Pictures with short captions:
=======

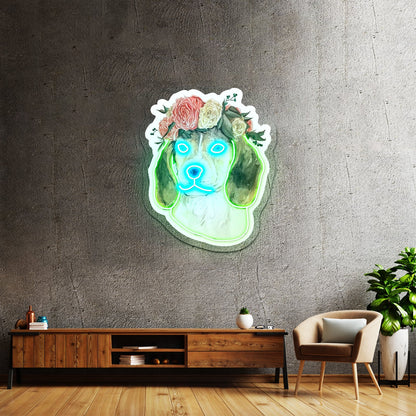 Flower Crown Beagle Dodgers Neon Sign - Shineneon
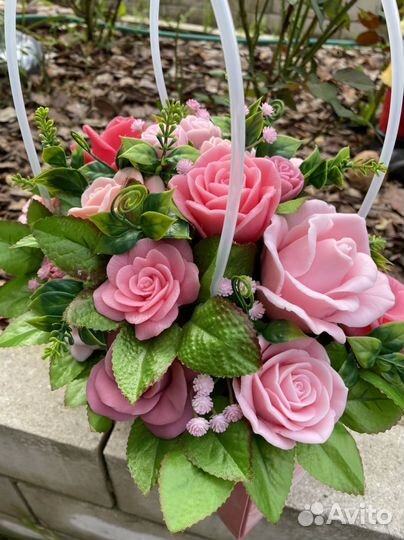 Мыло ручной работы Букет роз учителю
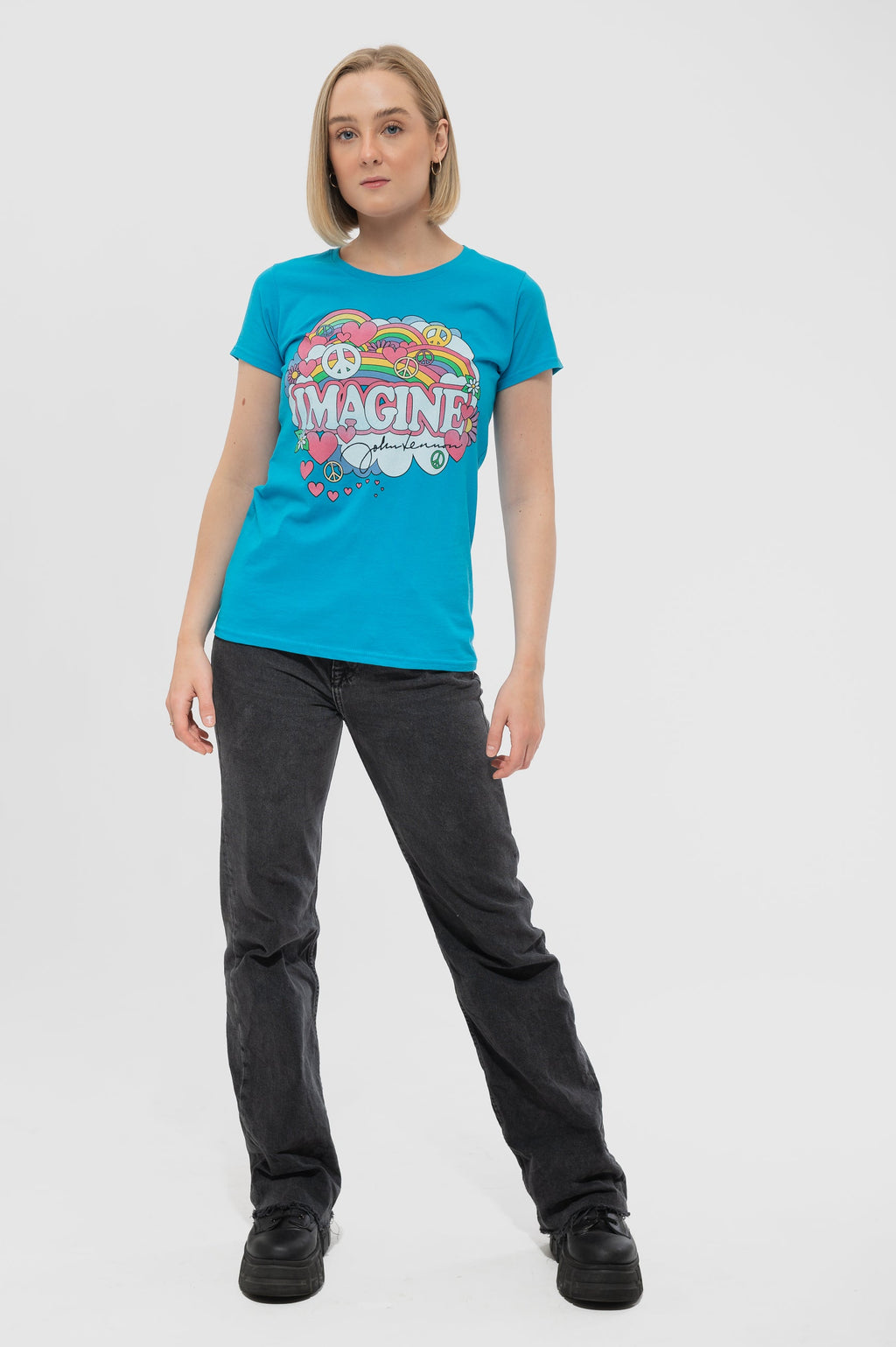 John Lennon Rainbows Love And Peace Skinny T Shirt product image 2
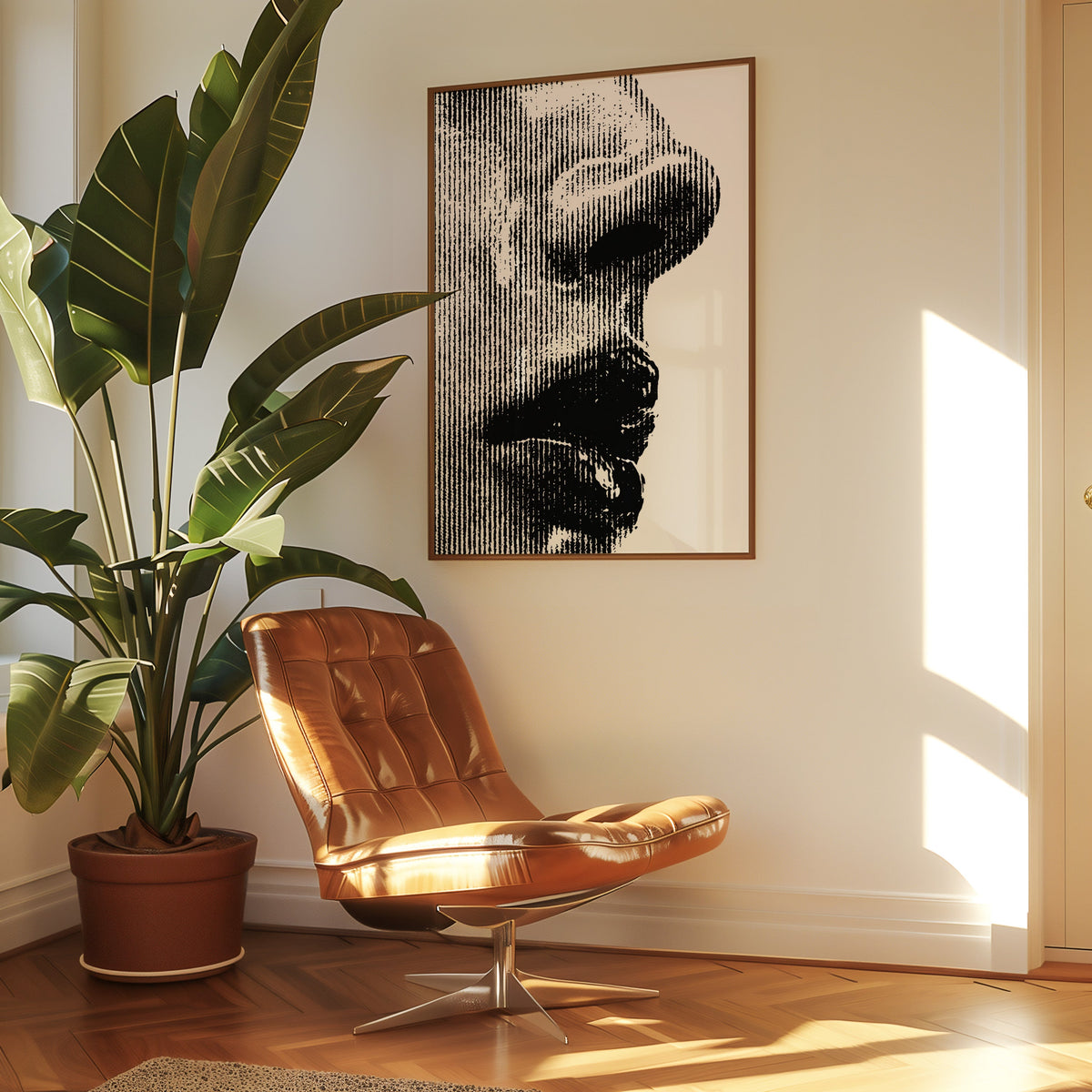 Halftone line face profile graphic print in a walnut frame above a leather lounge chair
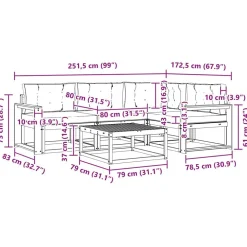 vidaXL Conjuntos De Muebles-Conjunto de sofás de exterior 5 pcs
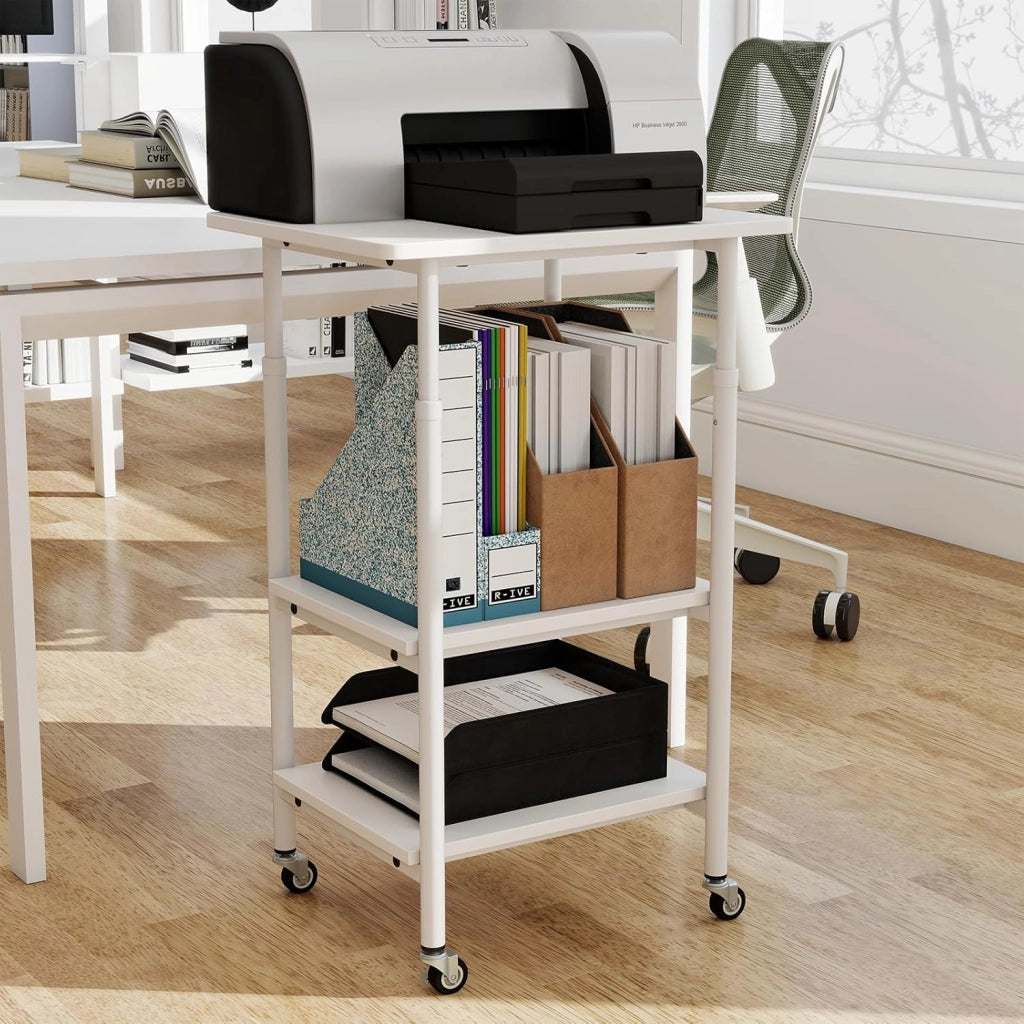 Supporto per stampante regolabile in altezza, mobile stampante mobile, scaffale per roulette a 3 livelli per fax, cartelle, scanner, scaffale con ruote per ufficio, cucina (bianco)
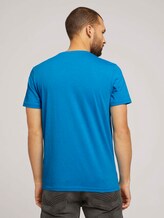 T-Shirt mit Logo-Print - Männer - diva blue white melange T-Shirt mit Logo-Print - Männer - diva blue white melange - 2 - TOM TAILOR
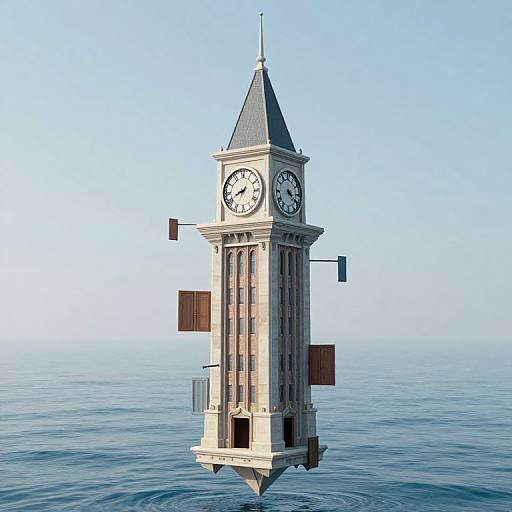 Floating clock tower with a blue sky and ocean background, featuring four floating traffic lights and a modern design.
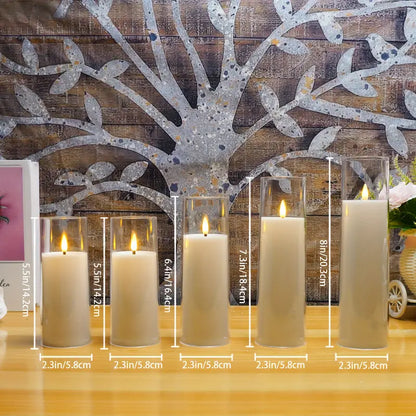 5pcs Flicker Flameless Candle Set with Remote Control and Timer - LED Candle for Festive Decor (White)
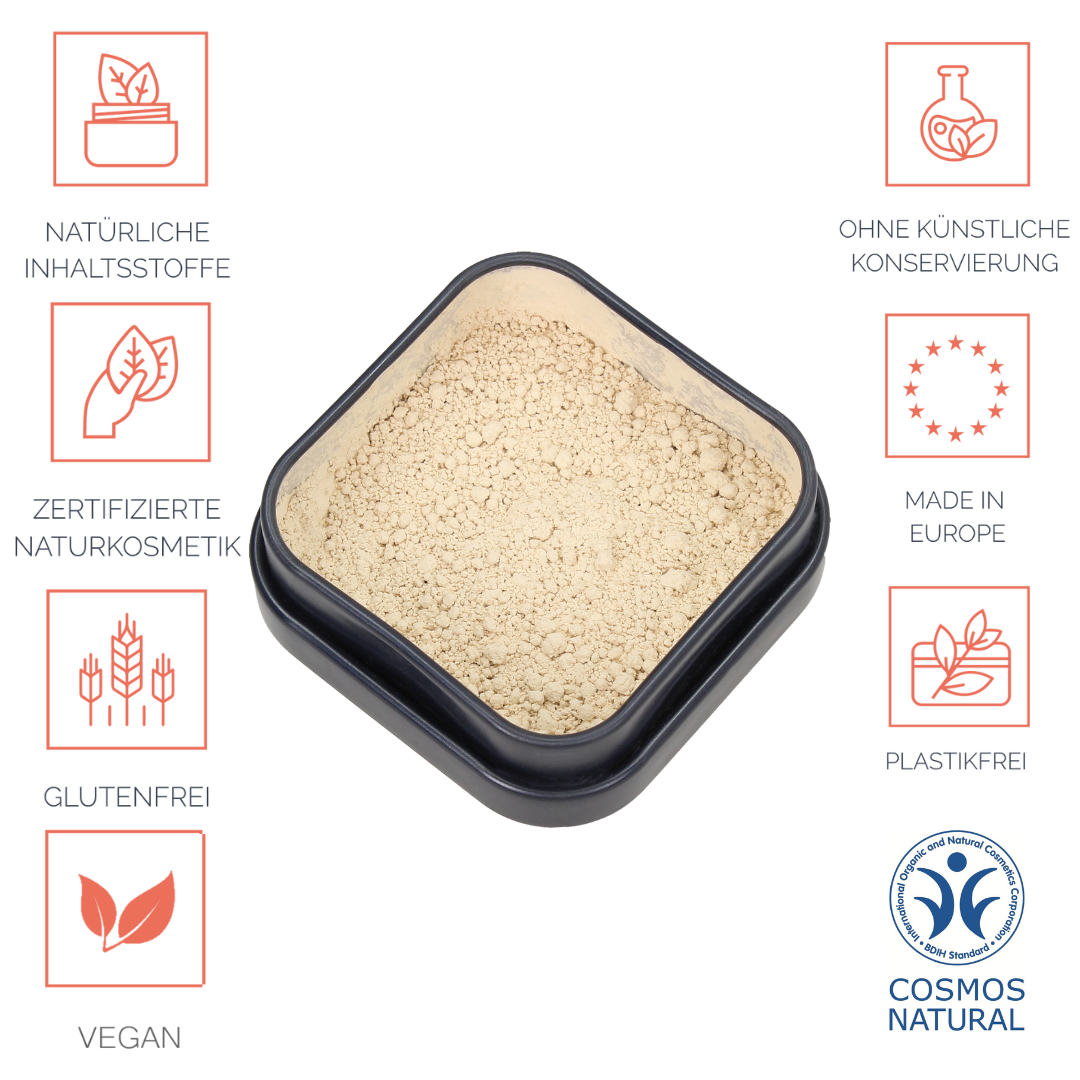 Foundation für ein zartes Finish, langanhaltend, vegan, tierversuchsfrei, ohne Nano- und Mikroplastik Partikel, für alle Hauttypen geeignet ohne Öle / Fette, ohne Parfüm, ohne Alkohol, hormonfrei / zero waste, plastikfrei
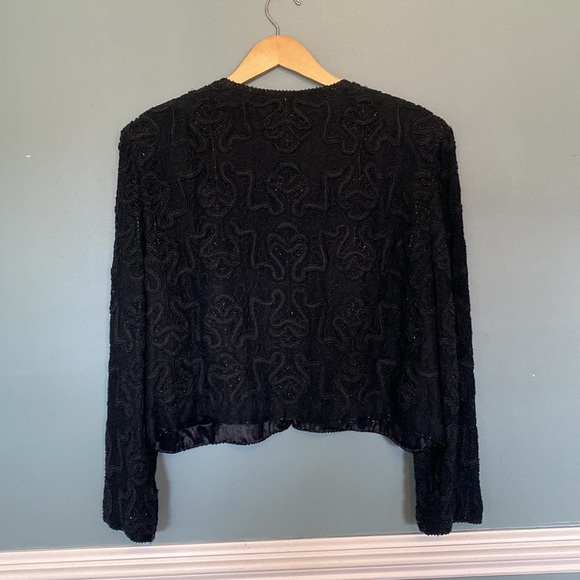 Vintage Talbots silk beaded cropped jacket shoulder pads XL sparkle embroidered - Picture 6 of 9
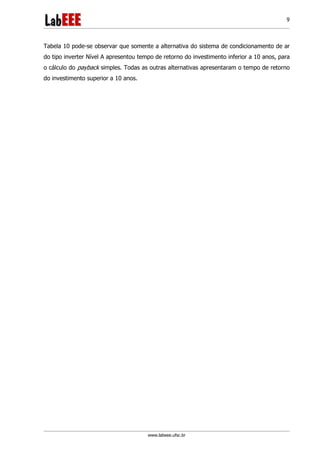 www.labeee.ufsc.br
9
Tabela 10 pode-se observar que somente a alternativa do sistema de condicionamento de ar
do tipo inverter Nível A apresentou tempo de retorno do investimento inferior a 10 anos, para
o cálculo do payback simples. Todas as outras alternativas apresentaram o tempo de retorno
do investimento superior a 10 anos.
 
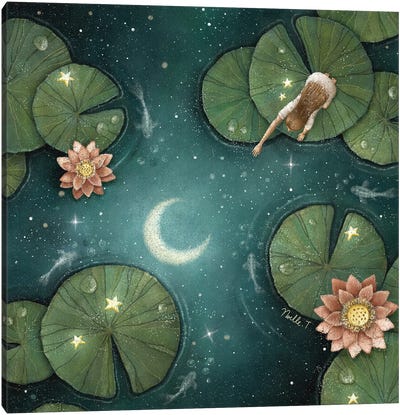 The Lotus Moonlight Canvas Art Print - Water Lilies Collection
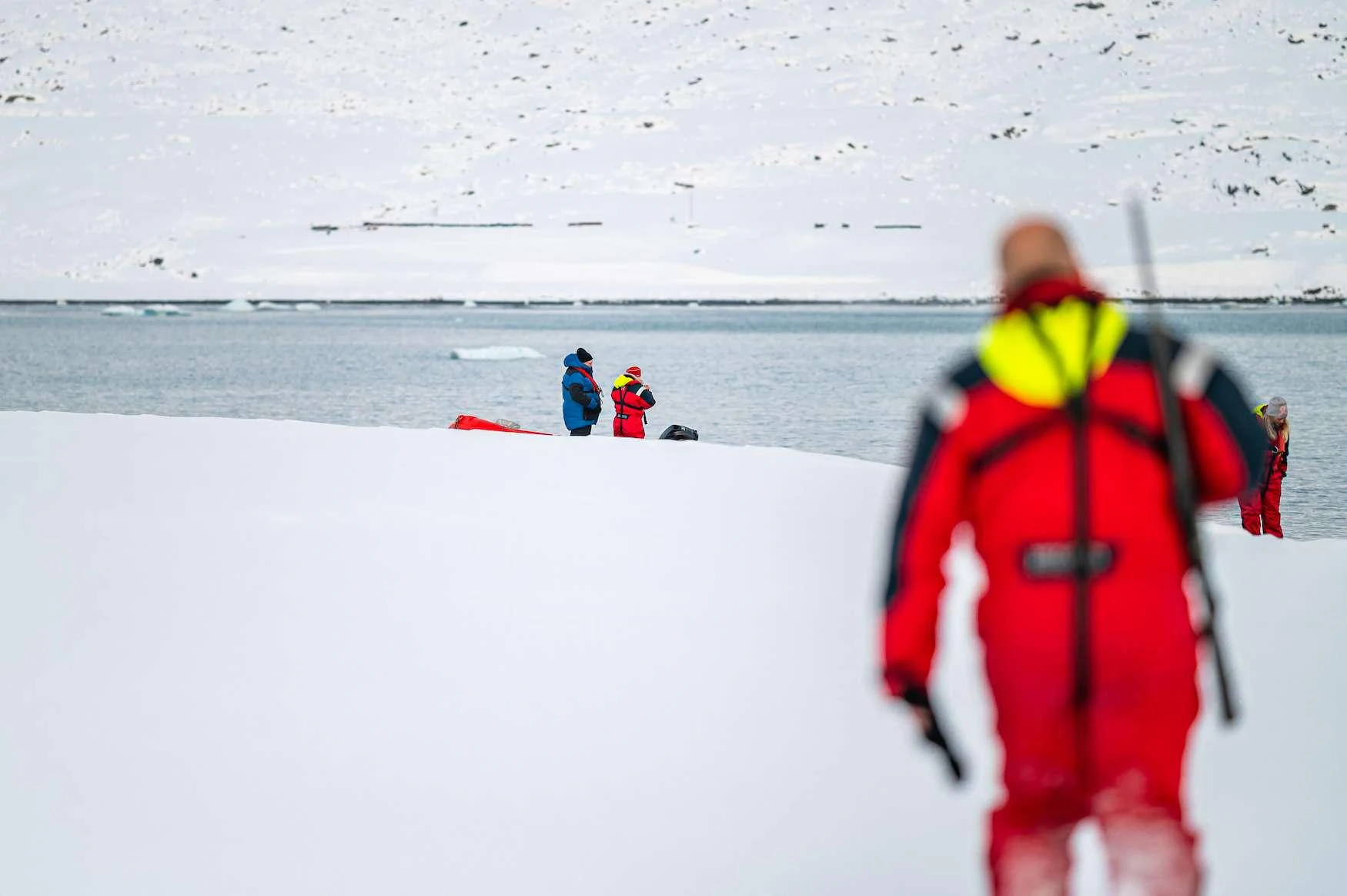 a person walking on a snowy path aboard ARGUS Yacht for Charter
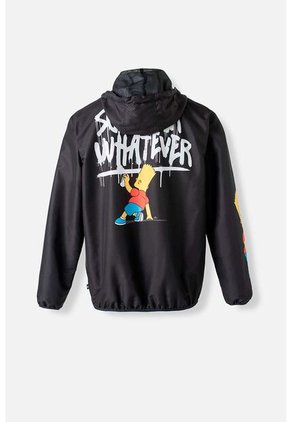 Chaqueta De Los Simpson Con Cierre Y Capucha Negro Para Hombre XL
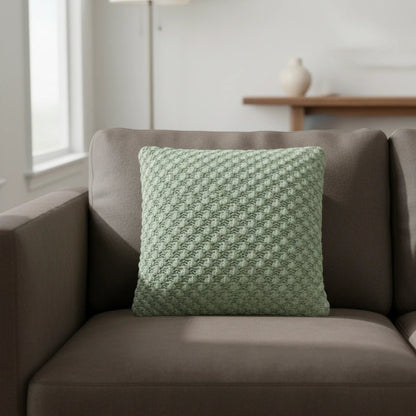 Kussenhoes 45x45 cm popcorn knit katoen mineraalblauw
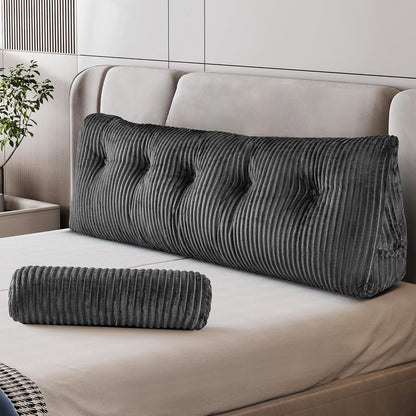 Z-hom Headboard Pillow, Wedge Backrest Cushion, Queen Size,NO Roll Pillow | Grey Triangular Backrest Cushion Equipped,NO Roll Pillow,Ideal for Reading,Sitting Up in Bed&Filling Headboard Gaps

=======

WHAT THE TASK REQUIRES =
What's needed is an exact copy of the lines above from the one with "Tabela 10 pode-se" through the one with "Kussenhoes 45x45 cm", both included; the pictures stay out.

RESULT BELOW =
Tabela 10 pode-se observar que somente a alternativa do sistema de condicionamento de ar
do tipo inverter Nível A apresentou tempo de retorno do investimento inferior a 10 anos, para
o cálculo do payback simples. Todas as outras alternativas apresentaram o tempo de retorno
do investimento superior a 10 anos.
 
 The Lotus Moonlight Canvas Art Print - Water Lilies Collection
 a person walking on a snowy path aboard ARGUS Yacht for Charter
 Chaqueta De Los Simpson Con Cierre Y Capucha Negro Para Hombre XL
 Kussenhoes 45x45 cm popcorn knit katoen mineraalblauw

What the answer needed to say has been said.